Em que é que esse momento alterou a sua vida?
Fiquei sem
stress nenhum. A correria em que vivia desapareceu e ganhei espaço e disposição
para me dedicar a coisas novas e principalmente, aquilo que me dá gozo fazer.
Como preparou esse momento?
Não investi
grande tempo na preparação. Chegou a altura e assumi que era O Momento e, nessa
altura dediquei-me a pensar fazer coisas bem diferentes daquilo que tinha feito
até então.
Com que se ocupa depois de se ter reformado?
Há 4 anos
que faço teatro, estudo italiano e literatura portuguesa. Frequento aulas de
Cultura Russa. Vou a exposições, feiras, museus, eventos, muito mais
frequentemente do que ia. Ainda no ativo tirei o curso de fotografia no ARCO e,
agora, aproveitei para o completar com um curso de Fotoshop e um curso avançado
de fotografia a cores.
Entretenho-me
também a estudar Matemática de 12º ano para ajudar o filho de uma amiga, fazer
paciências e Sudokus, ler jornais e revistas… A preocupação não é manter a
cabeça a funcionar, mas sim entreter-me. O facto é que tem ajudado a adiar a
visita do Sr Alemão – Alzeimer e a sentir-me intelectualmente ativa.
Adoro comer
bem e cozinhar, por isso devoro os episódios de 24 Kitchen que complementam os
diversos cursos de culinária em que participo e que me ajudam a enriquecer a
imaginação e a alargar o paladar.
Encontro-me,
todas as semanas, em minha casa, com amigas para lanchar, conversar e fazemos
manualidades ( tricot, costura, etc, etc ). Procuro participar em alguns Workshops
de costura, bilros, tricot. Para manter a minha fabulosa forma física –
acrescenta em tom de brincadeira – tenho aulas de pilates com um PT particular.

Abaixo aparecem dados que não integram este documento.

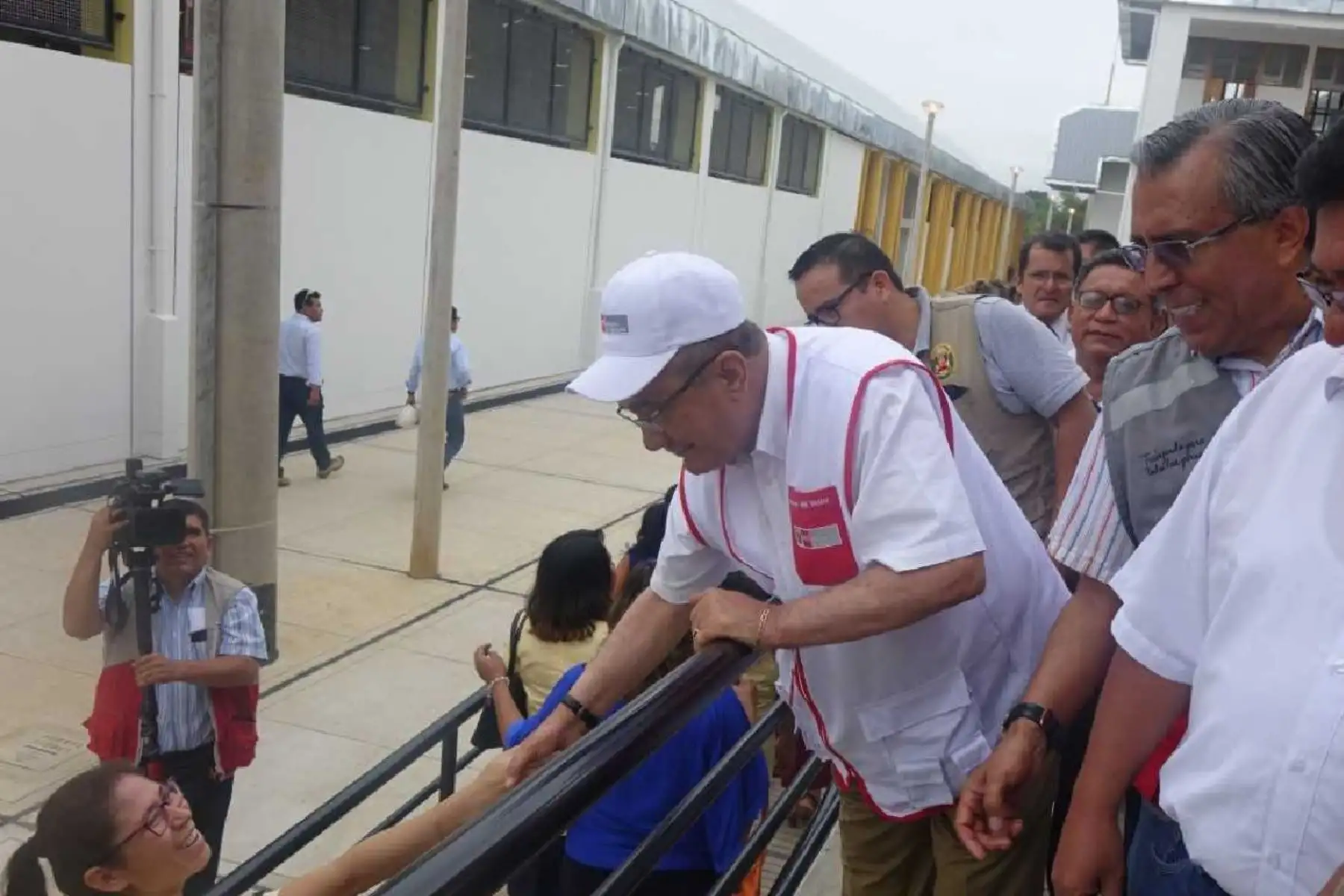 Ministro Idel Vexler supervisó en Tarapoto, región San Martín, los trabajos de remodelación de la institución educativa emblemática Juan Jiménez Pimentel, que demandaron una inversión superior a los S/  27 millones.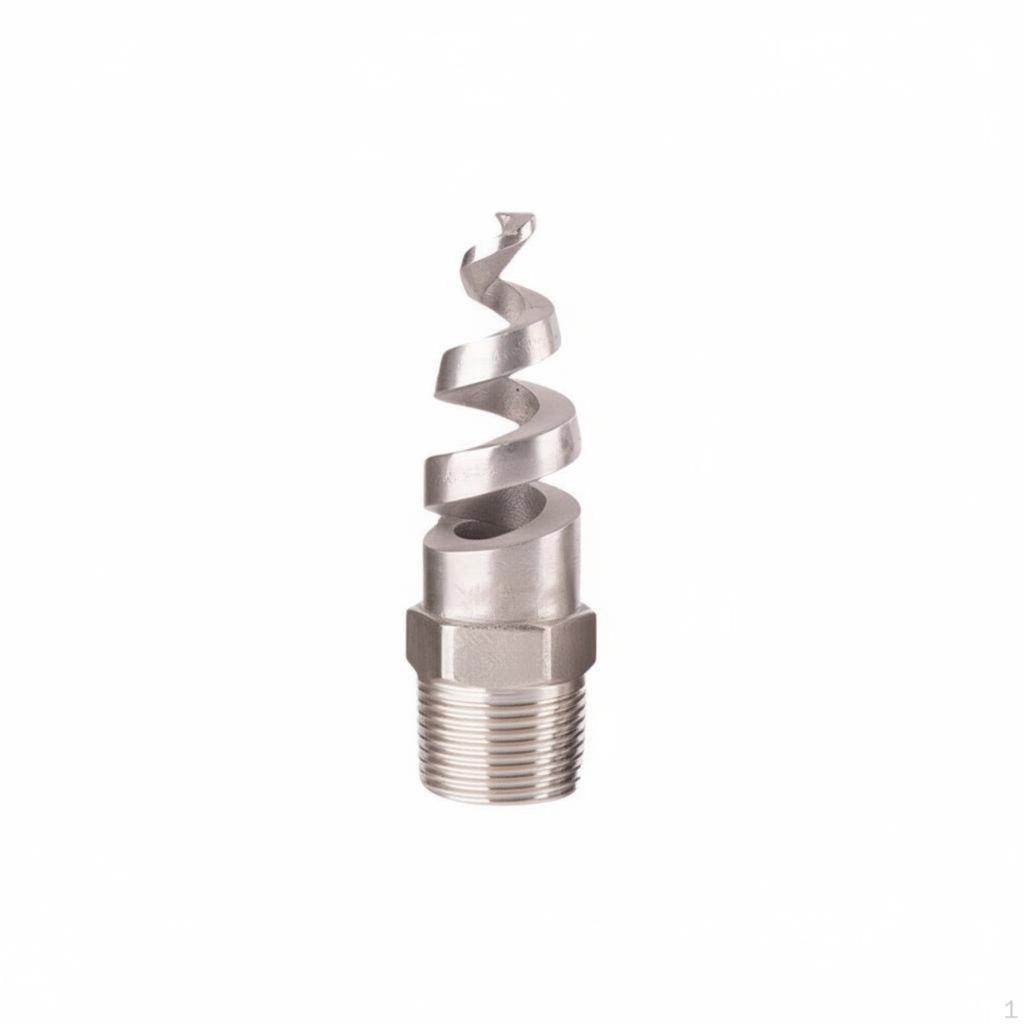 Spiral Spray Nozzle Stainless Steel AntiClogging Design Threaded Head for Flue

Qual a grande diferença na sua vida antes e
depois da reforma?
O ritmo e a
liberdade de escolha. A minha vida passou a fazer-se ao ritmo que eu quero e
posso e não ao que tem de ser e, tão ou mais importante que isso, sou eu quem
decido o que quero, não quero, posso ou não posso fazer e isso é fantástico!
Considera que continua a ser uma mulher
diferente do normal?
Não tanto
como antes. No entanto, o meu universo é pequeno e cheio de gente diferente. O
facto de eu ser a decisora daquilo que faço tornou-me também seletiva. O meu
ciclo de amigos e contactos responde às minhas exigências e expetativas e aí
não cabem e não se destacam pessoas vulgares!
Para si, qual foi sempre o motor principal que
a levou a ser sempre diferente?
O ADN.
Leia-se eu própria.
Não me
acomodo. Gosto de aprender e leio muito – sempre fui assim.
Sou
visceralmente contra fanatismos, e seguidismos. Não vou atrás só por ir. Não
gosto de modas nem de imitações. Só posso ser irreverente.
Chama-se a
isto ser diferente? Então sim, sou diferente!